At the other end of the spectrum, Tesla (NASDAQ:TSLA) fell a little more than 5% after watchers were ho-hum about Thursday’s evening’s unveiling of the new Model Y.
None make for particularly great trading prospects of the new trading week. Rather, it’s the stock charts of Kimberly Clark (NYSE:KMB), Morgan Stanley (NYSE:MS) and Applied Materials (NASDAQ:AMAT) that merit the closest technical look to kick off the new trading week.
Applied Materials (AMAT)
Applied Materials broke out of a downtrend several weeks ago, as first suggested was possible in late November. The effort got off to a great start too, up until AMAT stock bumped into resistance at its 200-day moving average line, plotted in white on both stock charts.

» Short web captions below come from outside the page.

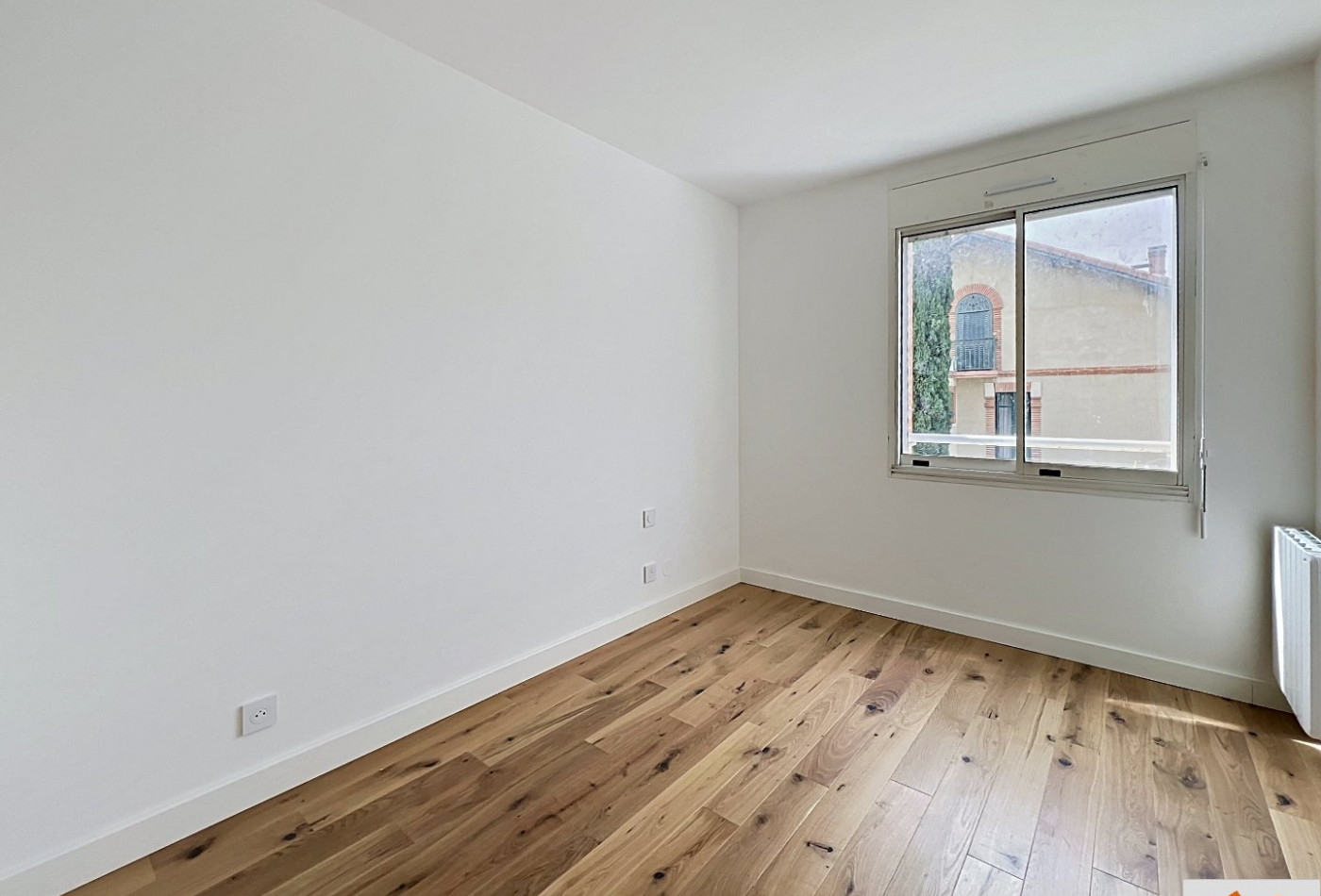 vente Appartement Toulouse - Photo 9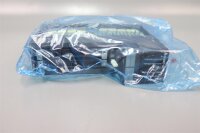 Mitsubishi A1SX82-S1 A1SX82S1 Input Unit Unused OVP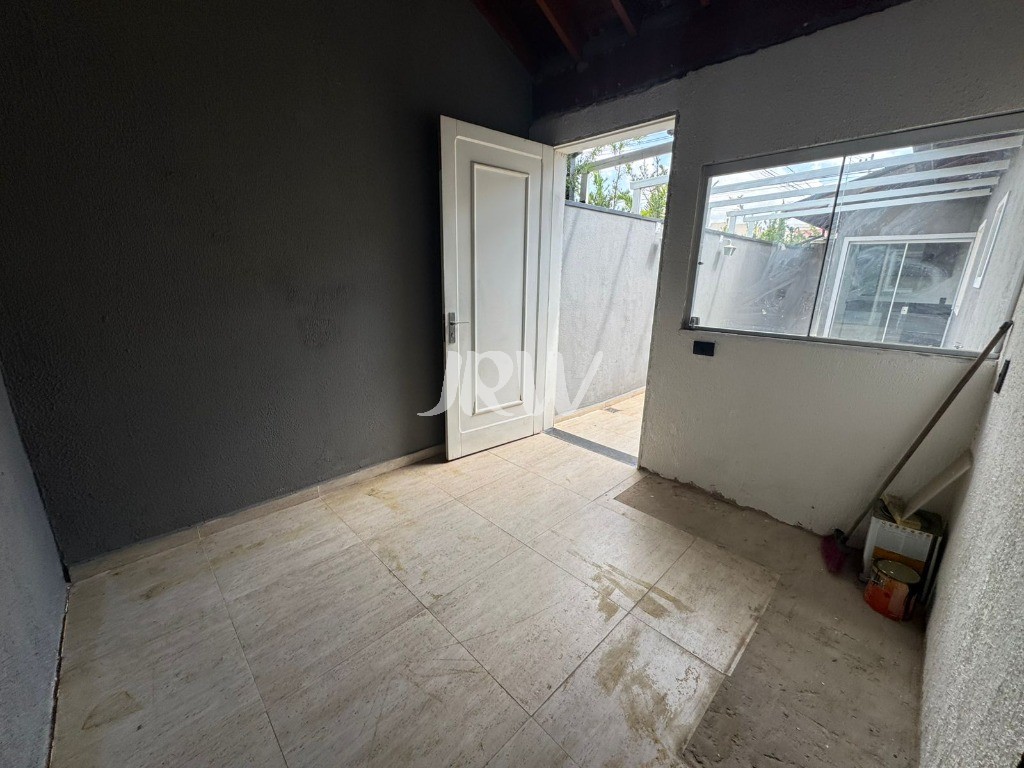 Casa, 3 quartos, 162 m² - Foto 8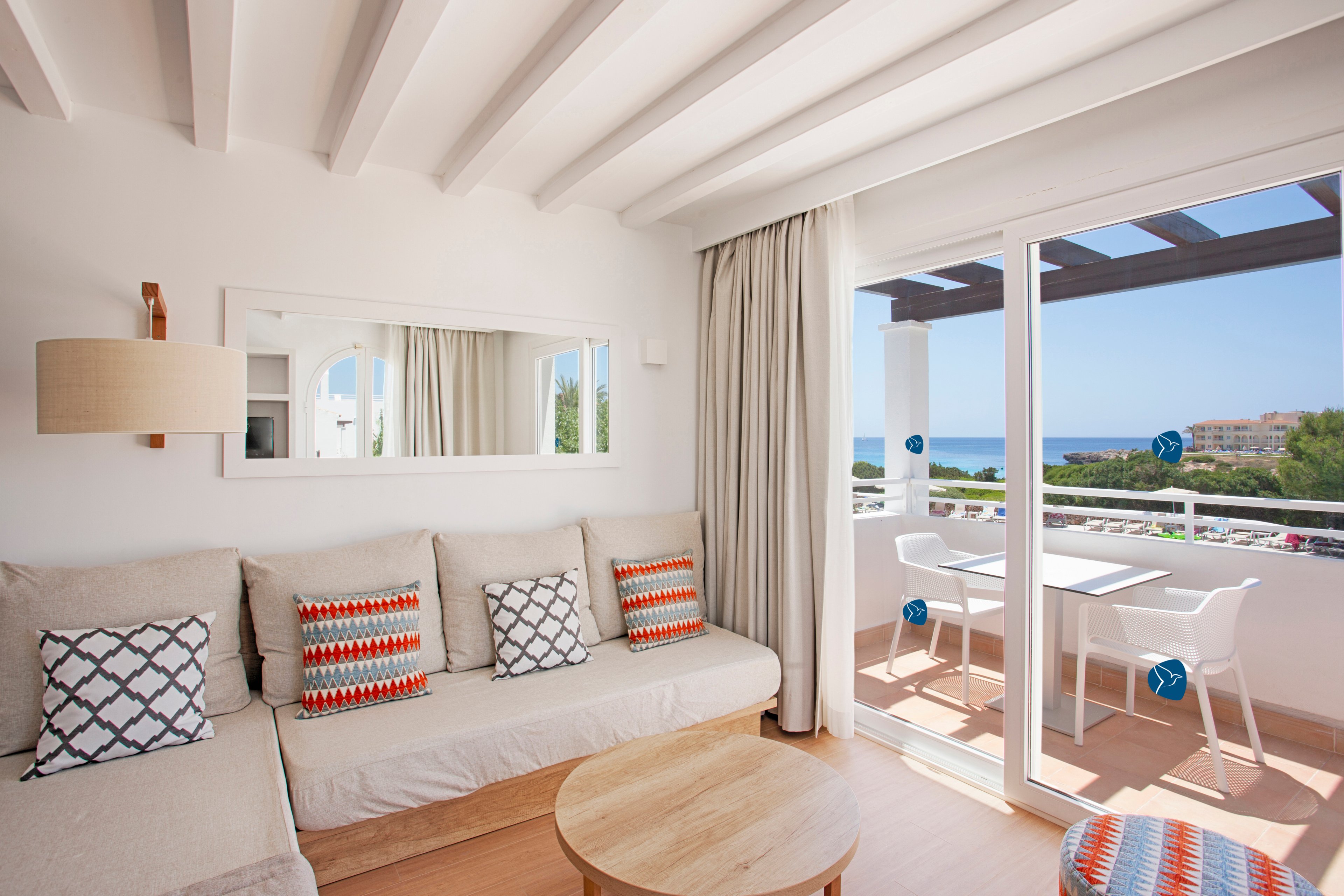 Grupotel Aldea Cala'n Bosch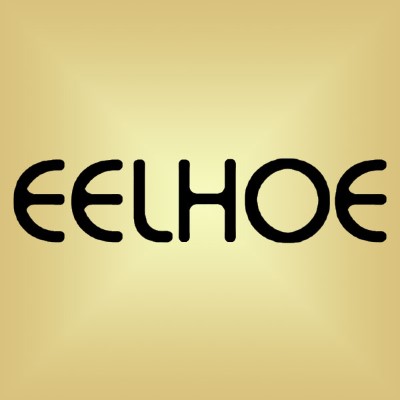 EELHOE
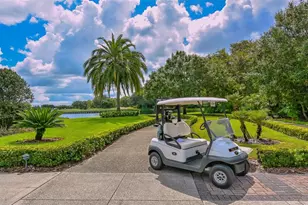 6909 Lennox Pl, Bradenton, FL 34201 - Photo 82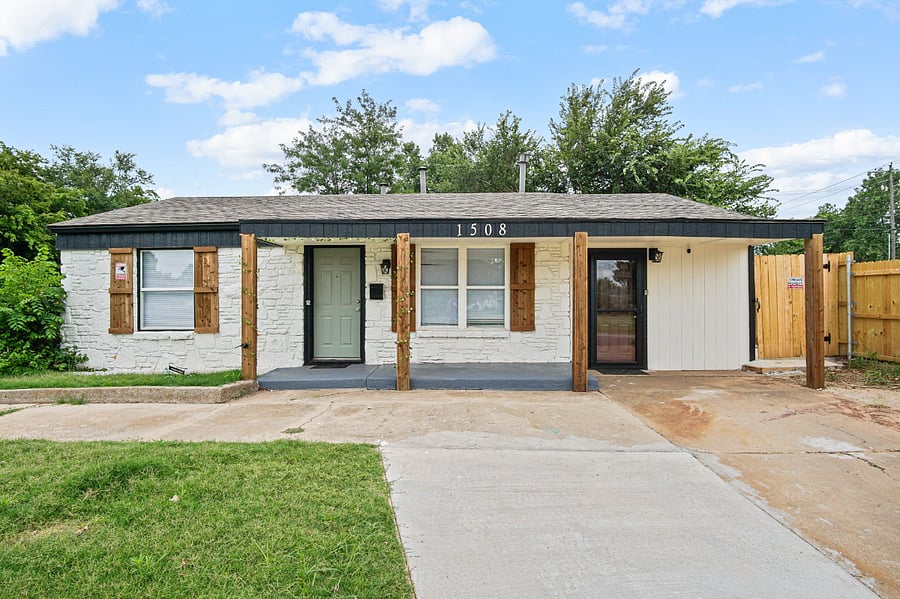 Furnished Finder property 873610_1 photo 10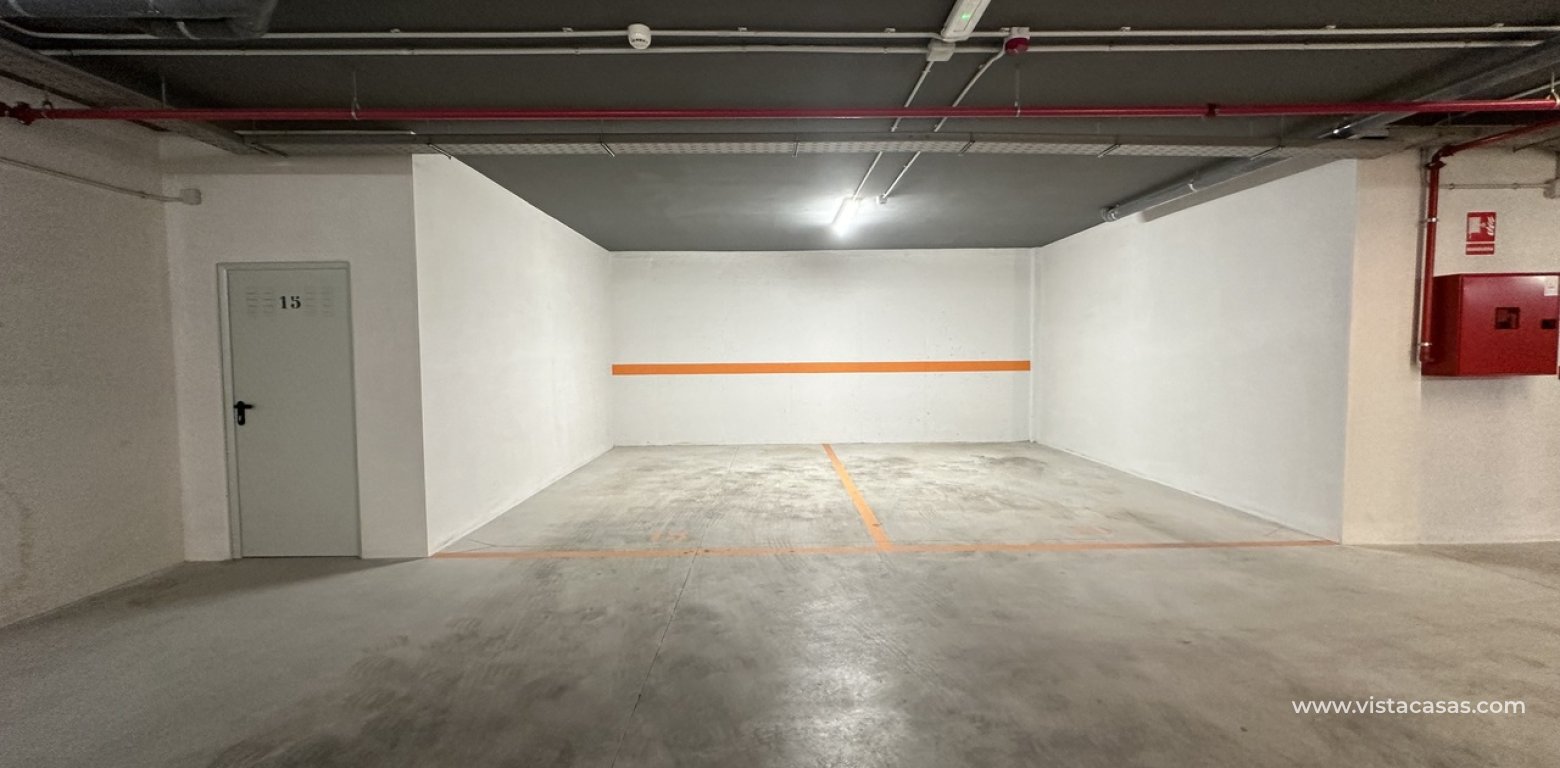 Venta - Apartamento - Las Colinas Golf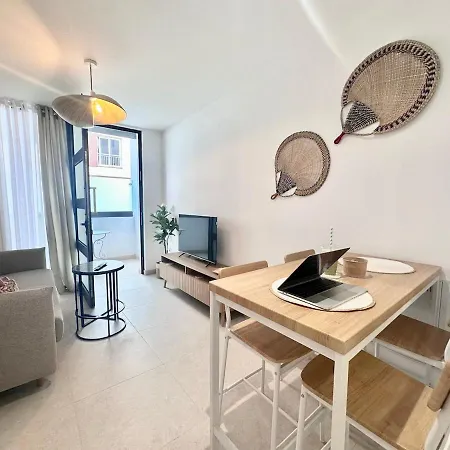Pai Pai , Nuevo, Terraza Privada, Cocina, Wifi Y Escritorio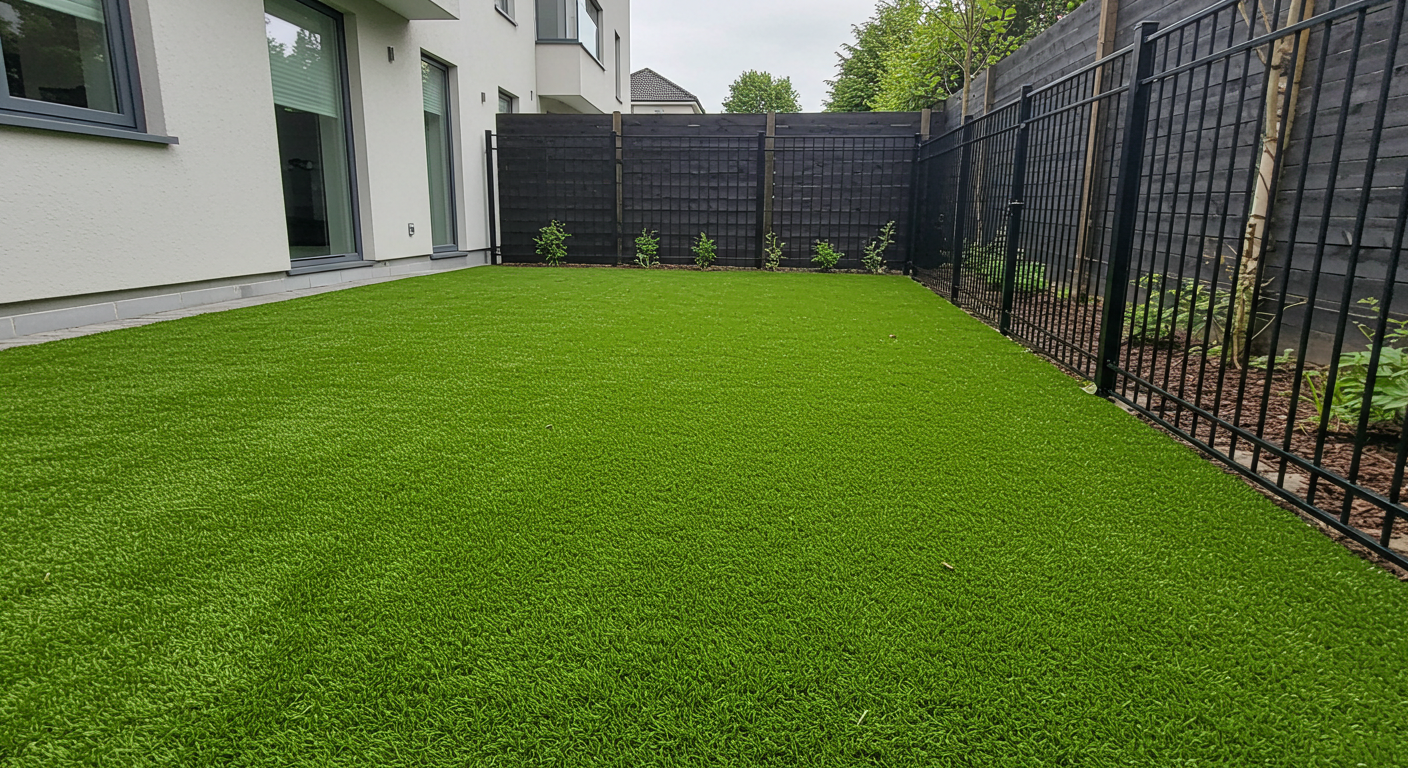 Image_fx - 2025-08-26T113303.022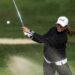 Tous au golf : le printemps se passe sur les greens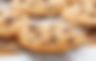 1 Dozen Chocolate Chip Cookies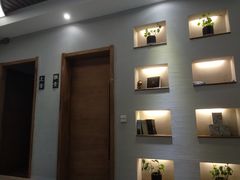 -安多素食(广仁寺路店)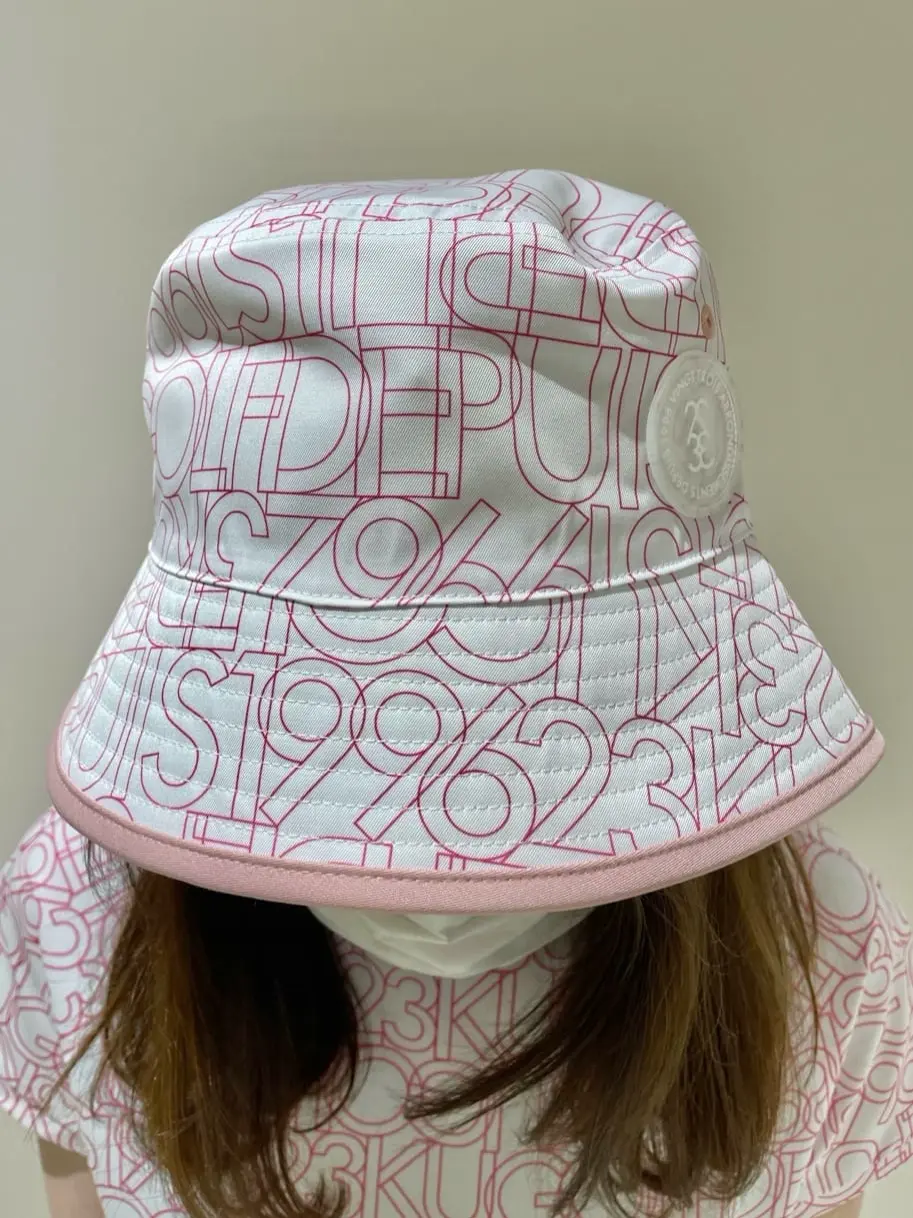 23区GOLF 松山 コーディネート画像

That hurdle was cleared on Friday though. There’s one more ceiling to clear, but the undertow is pointed in the right direction.
• The current uptrend was kicked off with the ideal prompt … support and a push up and off of the purple 50-day moving average line (highlighted).
• We’ve seen several accumulation days since January, or high-volume gains that indicate there are plenty of would-be buyers willing to feed the rally effort.
• If the $41.30 ceiling can be cleared, the next major ceiling is the late-2017/early-2018 resistance around $59, plotted with a yellow-dashed line.
Kimberly Clark (KMB)
In late February Kimberly Clark was pegged as a breakout candidate. Shares had just broken out of a long-term converging wedge pattern by breaking above the upper boundary of a shrinking trading range.
That effort actually petered out soon thereafter. But, the potential never really went away. With a small pullback and the reversal at the exact right place, that effort has been rekindled bigger and better than it was three weeks ago.
• The lull in late February and early March was the perfect pullback and regroup. All it took was a brush of the purple 50-day moving average line (highlighted) to supply the rally’s second wind.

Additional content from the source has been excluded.